The first thing was the sourdough batter, which turned out really well. Instead of doing pancakes yet again, I put the stuff into a waffle iron and it behaved beautifully. Big, fluffy waffles with crisp crusts and, unlike the pancakes, they didn't collapse after they were baked, so weren't as dense or thin as the pancakes of the previous week. The sourdough scent was all pervasive, though, and the taste had the distinctive sourness. That was kinda cool.
It's almost a magic thing. To be able to take just a little bit of starter, mix in common flour and water, give it some time and then it magically grows and spreads and changes the flour and water into something magical, alive. Then I get to put the same little bit of starter back into the jar in the refridgerator and I have a whole bowlful of cool, alive, growing stuff that will make great tasting waffles or pancakes or bread for me. It's all a bit like magic.
We finished breakfast just in time to get to the soccer game that John was coaching, and the traffic in the parking lot was just atrocious, so I let John out to run out to the field while I crawled along in the Rover in the drizzling mist, to a parking place just across from the field they were playing at.
It was grey and drizzly and misty and mildly wet, not pouring rain, but incessant light drizzle. Not a bad thing. It just made everything damp, though not wet, and the kids were running around hard enough that they didn't get cold. They were playing the number one team in their division, and were pumped up by the possibilities. It was a good game to watch and cheer in as the kids kept it really close, and did really well on defense, on the most part. They also played a really intense team game, and in the first half tied things up pretty solidly.
Second half showed that they could keep up most of the intensity, but a few slips and a few one-man athletic insanities on the other teams part and they were ahead at the end. Ah well.
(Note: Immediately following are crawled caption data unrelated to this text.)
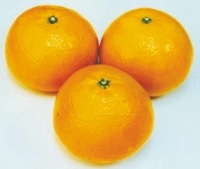 【予約販売】清美オレンジ 約4kg　 【3月以降お届け予定】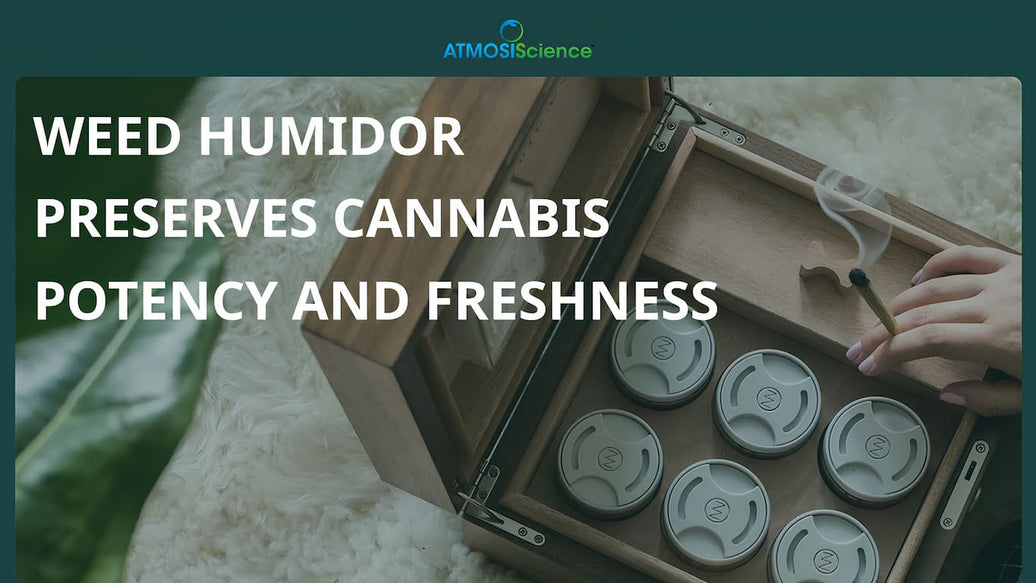 weed humidor - cover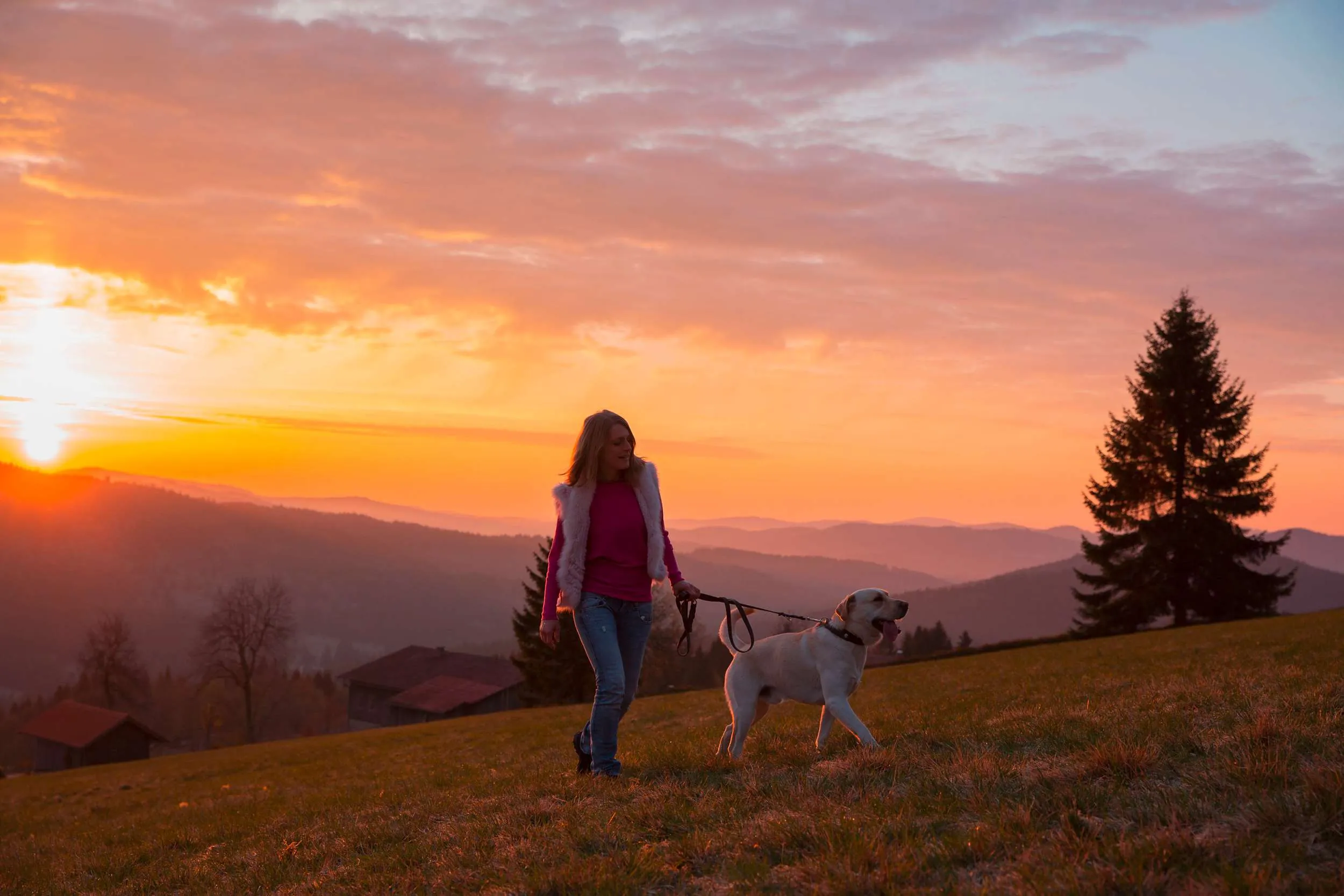 Junge Frau geht mit Hund beim Sonnenuntergang im Bayerischen Wald spazieren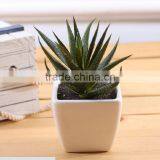 Mini Artificial Barbados Aloe With Pot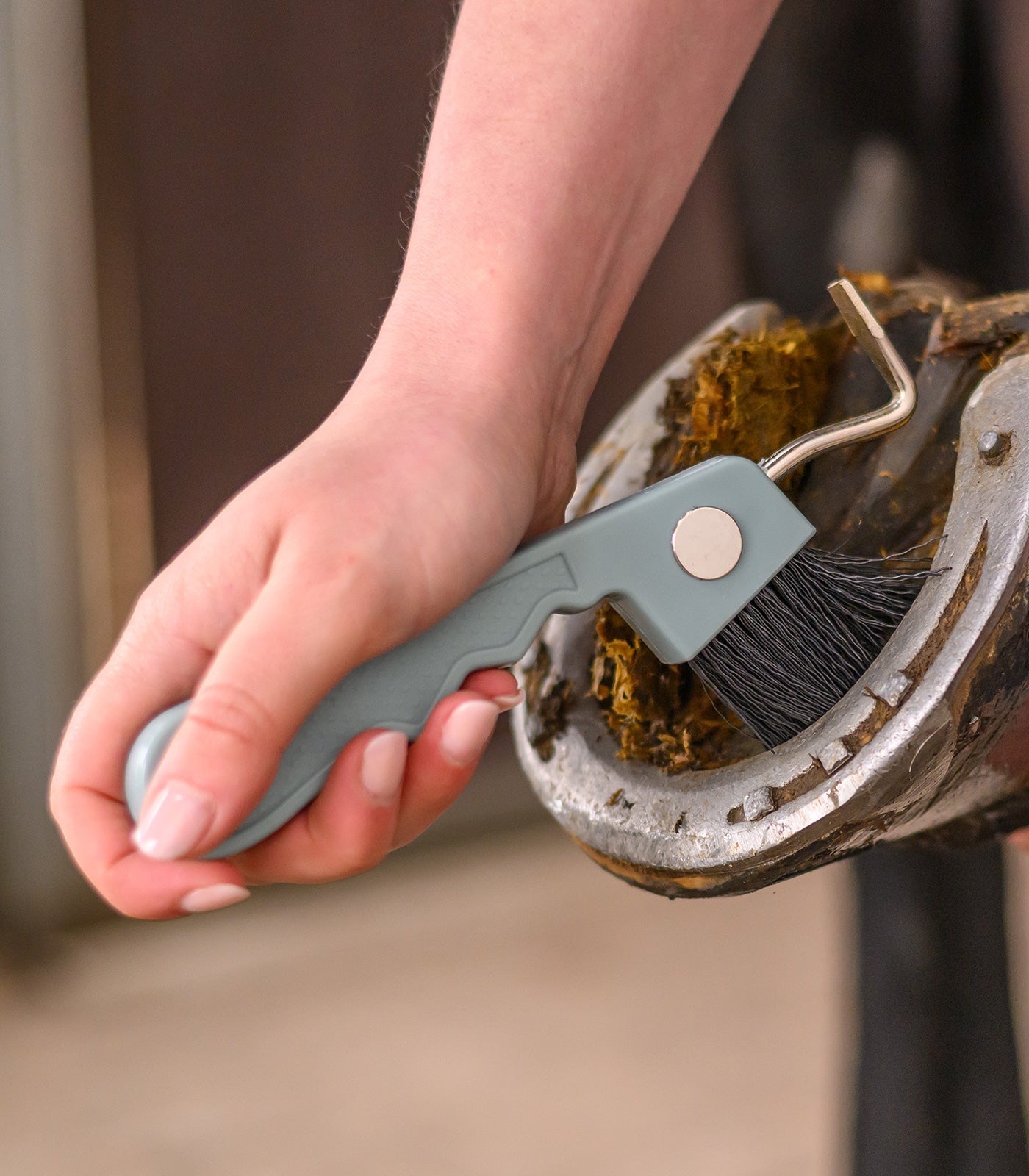 Waldhausen - Hoof pick with magnet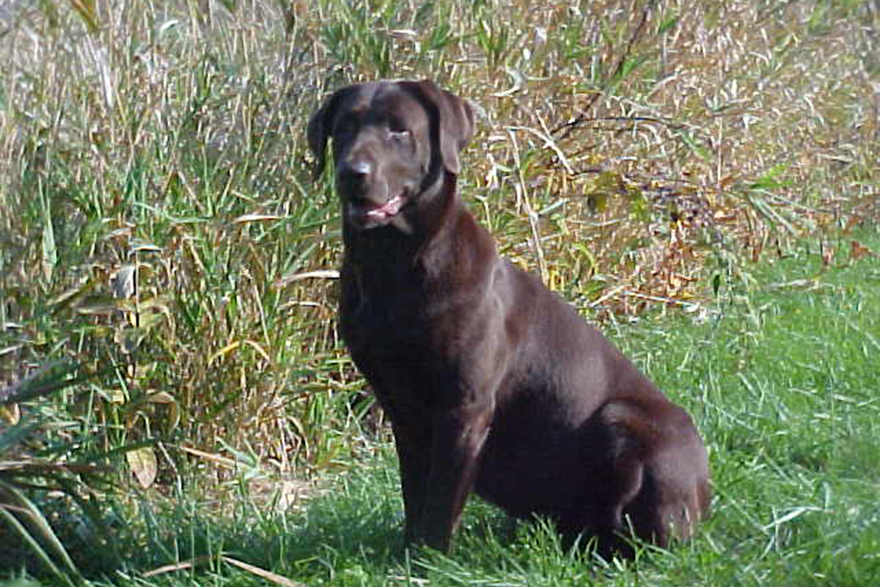 Female Labrador Retrievers | Soggy Acres Retrievers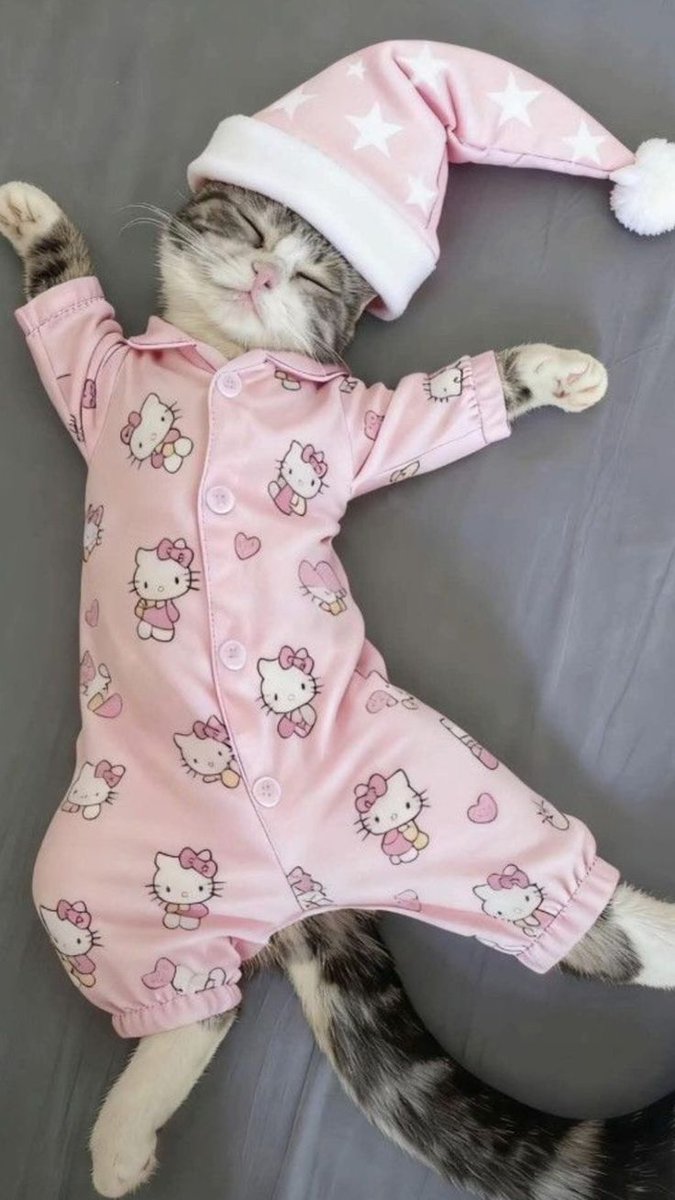 ⭐️ともです 雨続きで乗れなかったから撮らせてもらったバイク写真で😆 #z900rs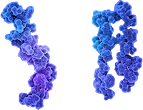 Monomers Misfold And Aggregate Into Amyloid Fibrils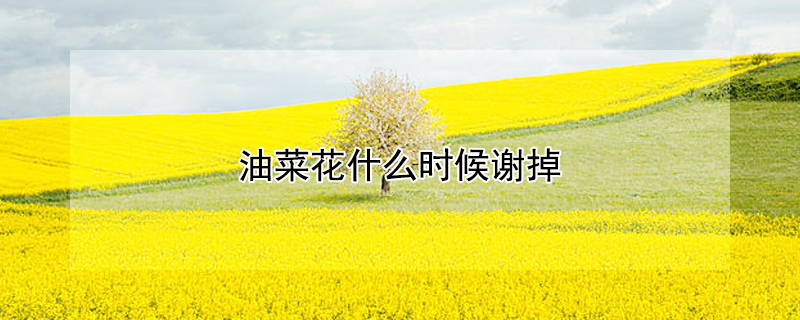 油菜花什么時候謝掉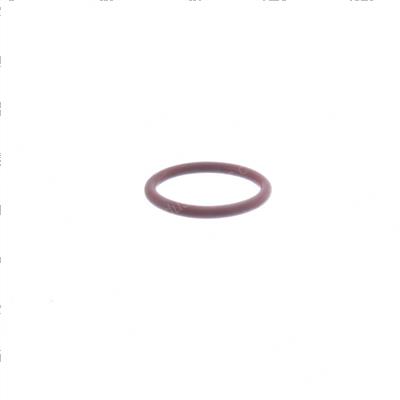 Picture of O-Ring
The kids played really well, though, and were pretty excited about scoring against a team that had only two other goals scored against them the whole season. That was really cool.
It was good to walk around in the rain, to watch the game, to kick a few balls, to help out. That was fun. Made me really, really want to make my appointment to get my brace.
The fresh air was good. Especially as we spent most of the evening watching TV. I think it's traditional that all NorthWet Halloweens be wet, windy and have lots and love of leaves blowing everywhere in pure Hollywood Ickibod Crane style. It was one of those nights. Windy, wet, raining and dark and dark could be, out. So it was an excellent day for staying in.
I also cooked, a chicken stew that could do as the pot part of a chicken pot pie. I also baked a single, small loaf of sourdough bread, using a cup of the common sourdough with just a cup of flour and pretty much no effort. Just mixed in a cup of flour, a pinch of salt and kneaded until smooth (if a bit sticky) and stuck it in an oiled bowl in the incubator. The dough grew quickly, and a bare hour later, it was tripled in bulk. So I pressed it down gently and formed a baguette loaf, left it in the oven to rise for about 30 minutes, and then started heating the oven, 30 minutes later I had bread.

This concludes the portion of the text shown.